– А я, естественно, сказал, что не ее соулмейт. В чем она тут же и убедилась, когда ее метки остались на месте, – Кен фыркает и невольно начинает обороняться. – А ты хотел, чтобы я сказал ей, что уже встретил своего соулмейта?
– Я бы хотел… – медленно произносит Шульдих и делает шаг вперед, оказываясь непозволительно близко. – Чтобы на мне больше никогда не появлялись эти чертовы метки. Хотел бы избавить тебя от них…
Он знает, что форсирует события, но сейчас, стоя к Кену так близко, с этой дурацкой меткой на руке, он больше не может и не хочет сопротивляться тому чувству, что разъедает его изнутри. Что заставляет желать только одного. Навсегда.

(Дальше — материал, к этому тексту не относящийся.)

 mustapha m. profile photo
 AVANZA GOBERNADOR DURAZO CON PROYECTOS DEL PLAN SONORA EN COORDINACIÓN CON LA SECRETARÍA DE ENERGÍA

Кен чуть отстраняется и поднимает голову. В его глазах на дне все еще хорошо видна боль, но вместе с ней и решимость довести все это до логического конца. Шульдих снова поднимает руку и осторожно прикасается к чужой щеке в робкой ласке, но не верит своим глазам, когда Кен поддается и чуть склоняет голову вбок, притираясь к пальцам плотнее. У Шульдиха моментально заходится сердце, подскакивая к горлу, и он еле выдавливает из себя давно мучающий вопрос:
– Можно?
Кен слабо кивает, но не отводит глаз, помогая Шульдиху решиться – или пан, или пропал. Он легко касается его губ губами, не встречает сопротивления, а когда Кен немного приоткрывает рот, Шульдих скользит языком по кромке зубов, аккуратно проскальзывая внутрь. Он вкладывает в поцелуй одно единственное чувство, которое тут же ловят и понимают правильно, отвечая такими же нежными прикосновениями языка. Это раскаяние и смирение для них обоих. И Шульдих не хочет открываться от этих губ больше никогда, но он должен в последний раз убедиться, что его наконец приняли.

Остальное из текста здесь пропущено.